Compensation Criteria

The principal physician, subphysician, and implementing medical institution must conduct suitable diagnoses and treatment and provide clinical care and other measures to ensure that the research subject is receiving the necessary care.

The representative physician has been enrolled in a clinical research insurance plan that includes compensation for the death or physical impediment of the research subject and medical expenses and care needed for the treatment of the health hazards in the research subject, in accordance with the payment conditions of clinical research insurance. The principal physician and subphysicians are also enrolled in a medical professional liability insurance plan.

Results

The first trial participant was enrolled on April 3, 2020. Recruitment and registration are expected to be completed on September 30, 2020, while the follow-up of all participants is expected to be completed by October 31, 2020.

Discussion

Preclinical data [12] have shown that ciclesonide can suppress the viral replication of coronaviruses in cell cultures [12,13], suggesting that ciclesonide can potentially be used to treat COVID-19. This multicenter, prospective, open-label randomized controlled trial has been designed to determine the efficacy and safety of ciclesonide in treating patients with asymptomatic and mild COVID-19. The rationale for choosing such patients was based on the findings of Iwabuchi et al [14,15], who indicated that the ideal ciclesonide administration period should be in the early intermediate stage of infection or the initial stage of pneumonia, prior to the worsening of symptoms.

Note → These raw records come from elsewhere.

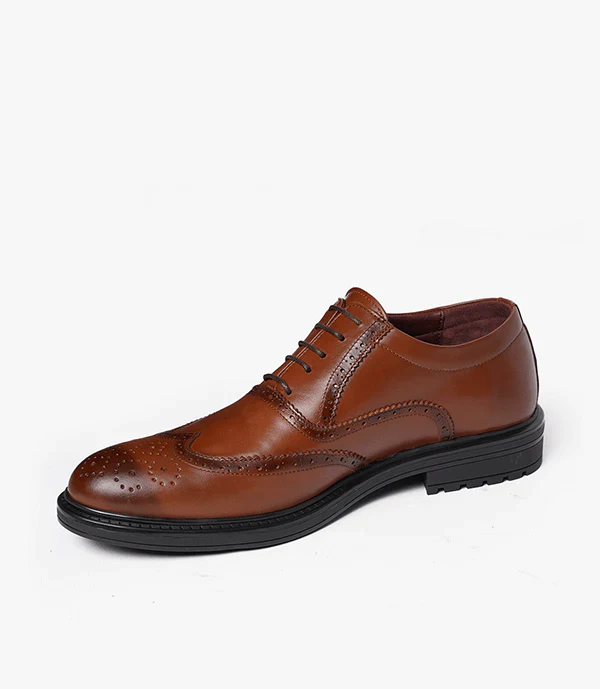BROGUE en Cuir, Confort et Style Intemporel .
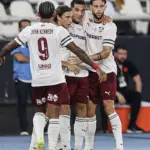 Flu derrota Vasco e sai em vantagem por vaga na final do Carioca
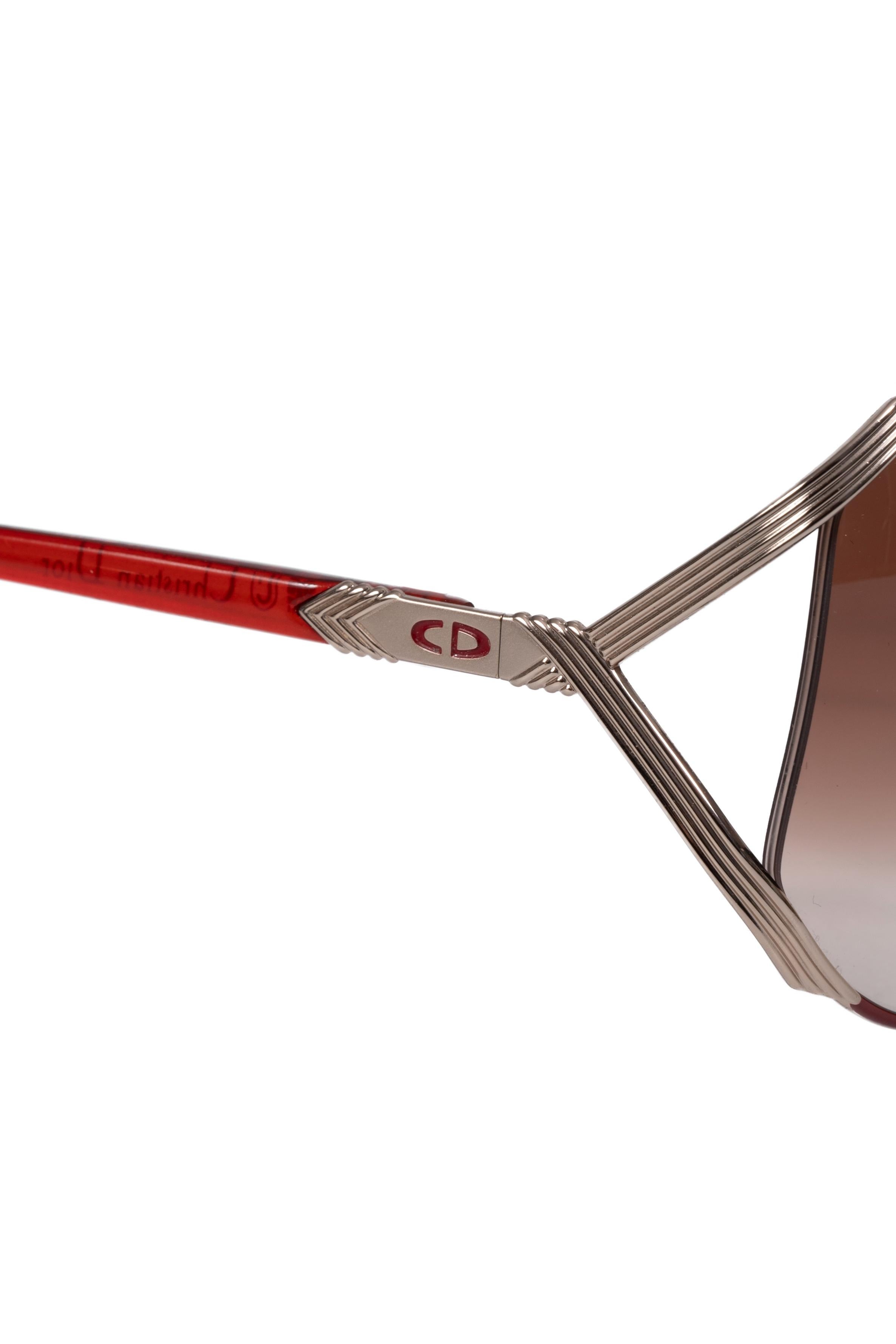 Occhiali da sole oversize Christian Dior anni '80 Modello 2250 44 Argento e Rosso in vendita 5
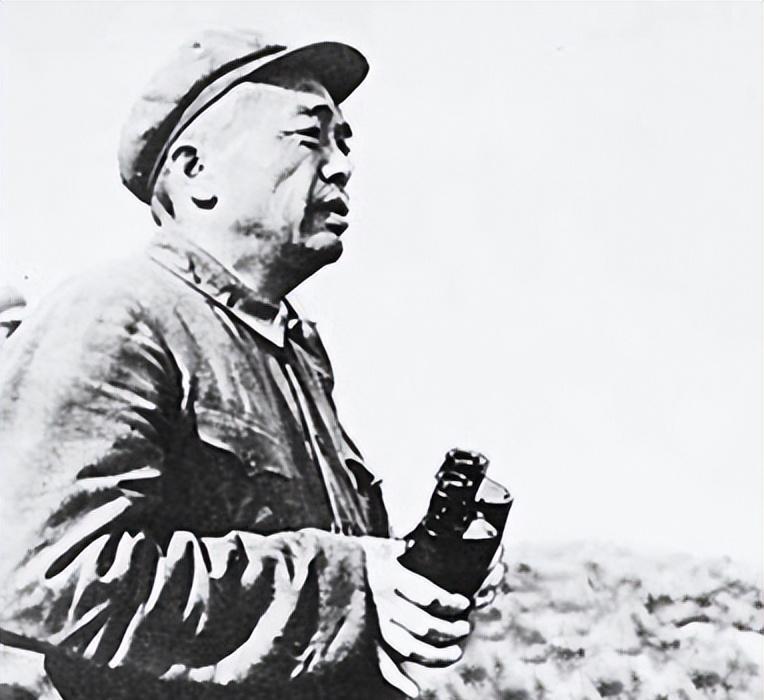 1959年彭德怀被罢免所有职务后感到苦闷，坦言自己一直非常想念刘坤模同志196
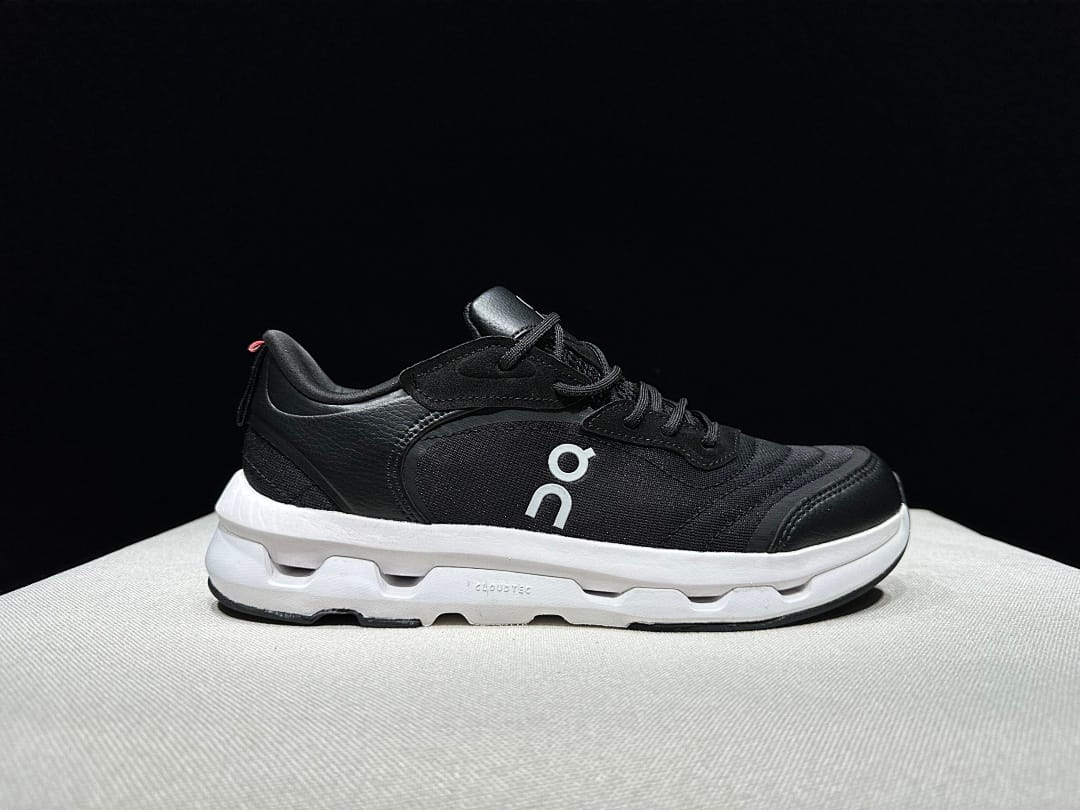 On × Zendaya Cloudzone (Colorway 4)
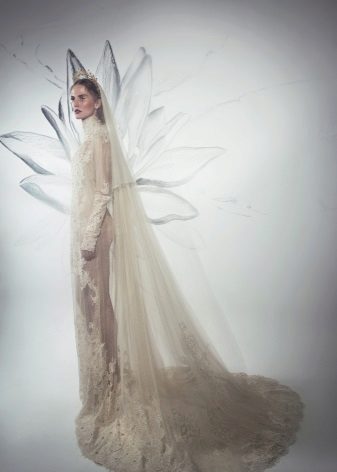 Wedding dress Lee Petra Grebenau scary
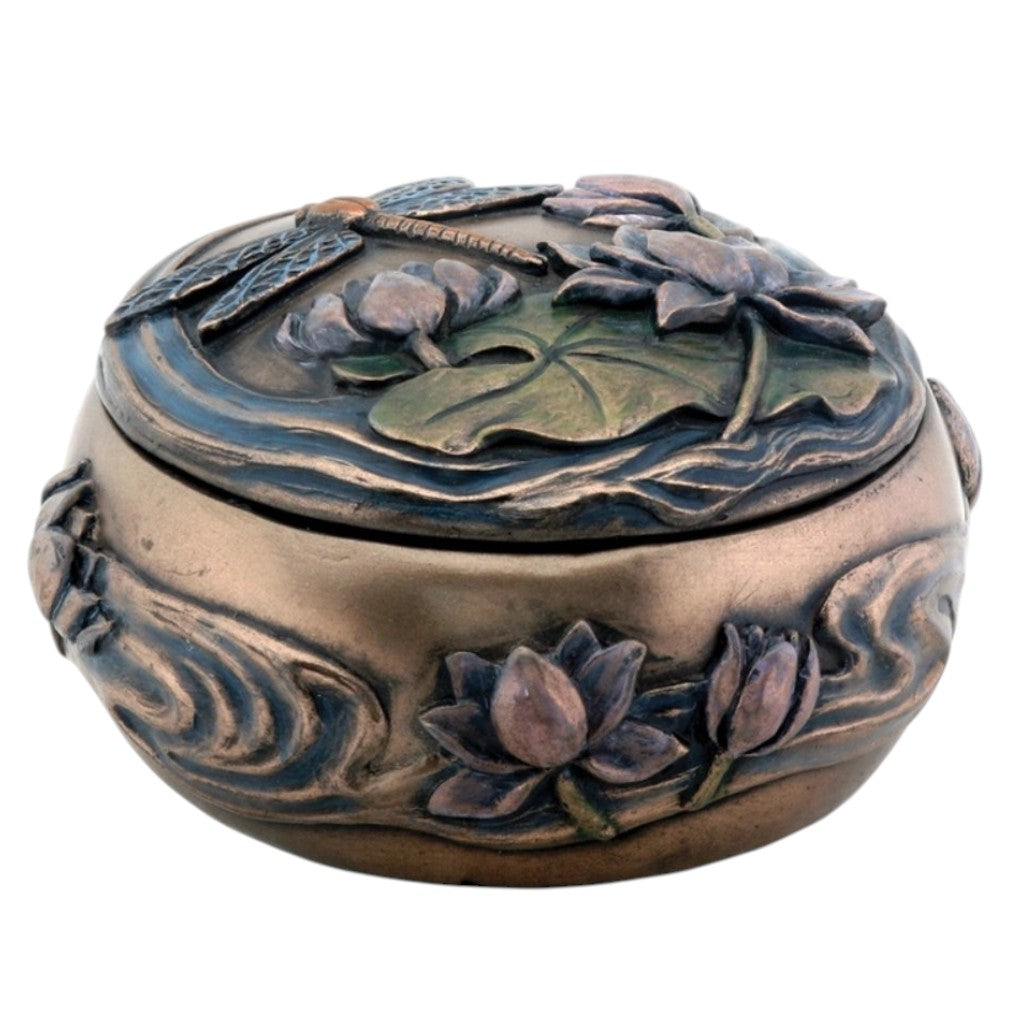 Vintage Schmuckschatulle Libelle Lotusblüte Bronze auf weißem Hintergrund geschlossen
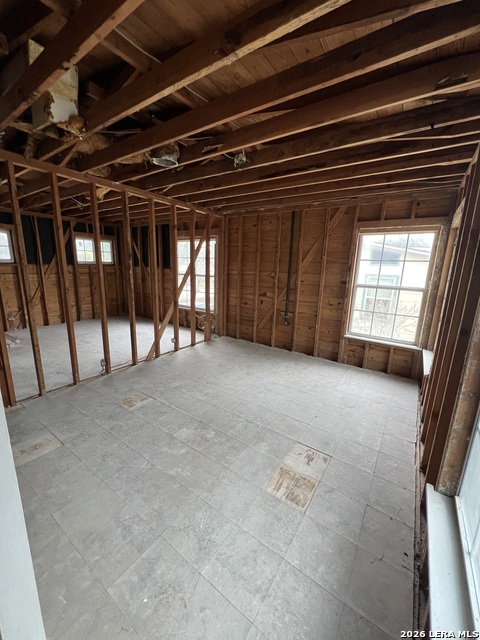 Image 9 of 24 For 431 Glenview E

The eligibility criteria in this study were designed to enroll study participants who had been diagnosed with SARS-CoV-2 infection without pneumonia and were not on any concomitant or prior medication that could affect the efficacy assessments. The trial processes of this study have been designed to be integrated within medical care at the participating hospitals, thereby enabling physicians to easily enroll participants without the need for a large research staff to compliment and implement the treatment, and learn more about the disease. Most of the clinical data will be routinely collected, except for SARS-CoV-2 antibody and viral genome quantification data. Trial staff have also been trained to adhere to the protocol.

There are some limitations that need to be considered. First, a placebo is not available because of the rights to the drug. Second, since this is an open-label study, there is potential for bias in the assessment. To avoid this, the primary endpoint analysis will be performed by a blinded independent radiologist. Third, ciclesonide is a steroid, and it is difficult to distinguish between its antiviral and anti-inflammatory effects.

Other trials that involve ciclesonide are in progress or in planning. Covis Pharma has launched a phase III clinical trial in the United States to evaluate the asthma drug, ciclesonide (ALVESCO), in treating nonhospitalized patients with symptomatic COVID-19 aged ≥12 years. In this US trial, participants will be given 320 µg of ciclesonide (ALVESCO) via metered-dose inhaler twice daily, along with standard supportive care or a placebo and standard supportive care. The primary endpoint of the Covis Pharma trial is the percentage of patients who were admitted to a hospital or died by day 30 [16]. The accumulation of findings from the RACCO study together with those from the other trials will be significant in developing interventions and treatments for COVID-19.

In conclusion, the RACCO study is an ongoing open-label randomized controlled trial that will provide the most definitive comparative effectiveness data to date and other important clinical outcomes data from the ciclesonide and symptomatic treatment groups. If the hypotheses that pneumonia exacerbation rate reduction is more significant in the ciclesonide treatment group than in the symptomatic treatment group and that ciclesonide is safe for use are valid, ciclesonide will provide an important therapeutic option for patients with COVID-19 that can be rapidly implemented in clinical practice.